1

I am trying to read an image from a pdf following this post: Extract images from PDF without resampling, in python?

So far I managed to get the image file from the pdf, but it contains a CWYK color scheme and the picture is becoming messed up.

My code is the following:

import PyPDF2
import struct

pdf_filename = 'document.pdf'
pdf_file = open(pdf_filename, 'rb')
cond_scan_reader = PyPDF2.PdfFileReader(pdf_file)
page = cond_scan_reader.getPage(4)
xObject = page['/Resources']['/XObject'].getObject()
for obj in xObject:
    print(xObject[obj])
    if xObject[obj]['/Subtype'] == '/Image':
        if xObject[obj]['/Filter'] == '/DCTDecode':                        
            data = xObject[obj]._data            
            img = open("image" + ".jpg", "wb")
            img.write(data)
            img.close()

pdf_file.close()

The point is that when I save, the colors are all weird, I believe it's because of the colorScheme. I have the following in the console:

{'/Type': '/XObject', '/Subtype': '/Image', '/Width': 1122, '/Height': 502, '/Interpolate': <PyPDF2.generic.BooleanObject object at 0x1061574a8>, '/ColorSpace': '/DeviceCMYK', '/BitsPerComponent': 8, '/Filter': '/DCTDecode'}

As you can see, the ColorSpace is CMYK, and I believe that's why the colors of the image are weird.

That's the image I have:

Dolhphin with weird colors

This is the original image (it is inside a pdf file):

Original

Can anyone help me?

Thanks in advance. Israel

Community
  • 1
  • 1
Israel Zinc
  • 2,713
  • 2
  • 18
  • 30

1 Answers1

0

A CMYK mode JPG image that contained in PDF must be invert.

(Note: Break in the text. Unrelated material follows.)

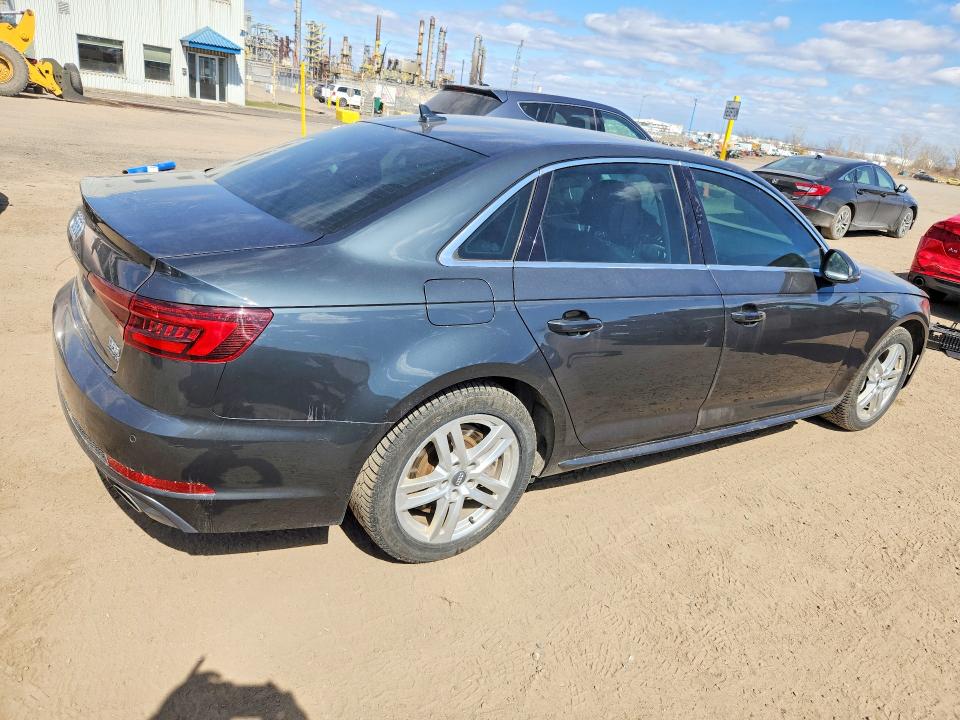 Продажа на аукционе авто 2018 Audi A4, vin: WAUBNAF45JA215926, номер лота: 51408436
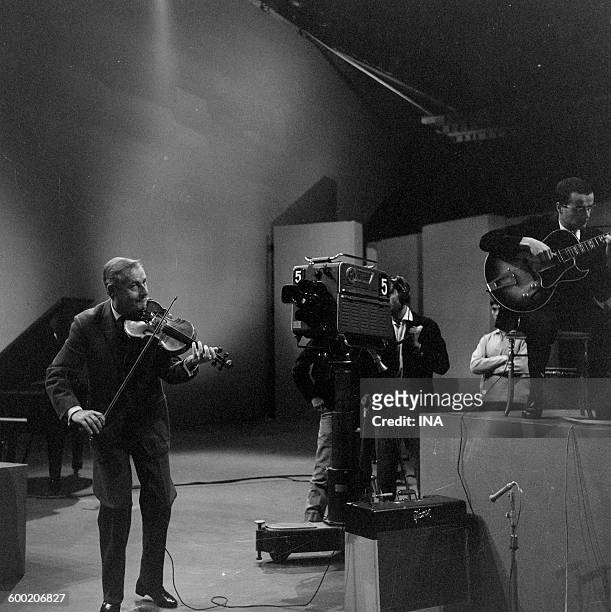 Stéphane Grappelli during the recording of the program "Boys meet chorus girls" realized by Jean Christophe Averty.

But in PIL, invert of CMYK mode image is not supported. Than I solve it using numpy.

Full source is in below link. https://github.com/Gaia3D/pdfImageExtractor/blob/master/extrectImage.py

imgData = np.frombuffer(img.tobytes(), dtype='B')
invData = np.full(imgData.shape, 255, dtype='B')
invData -= imgData
img = Image.frombytes(img.mode, img.size, invData.tobytes())
img.save(outFileName + ".jpg")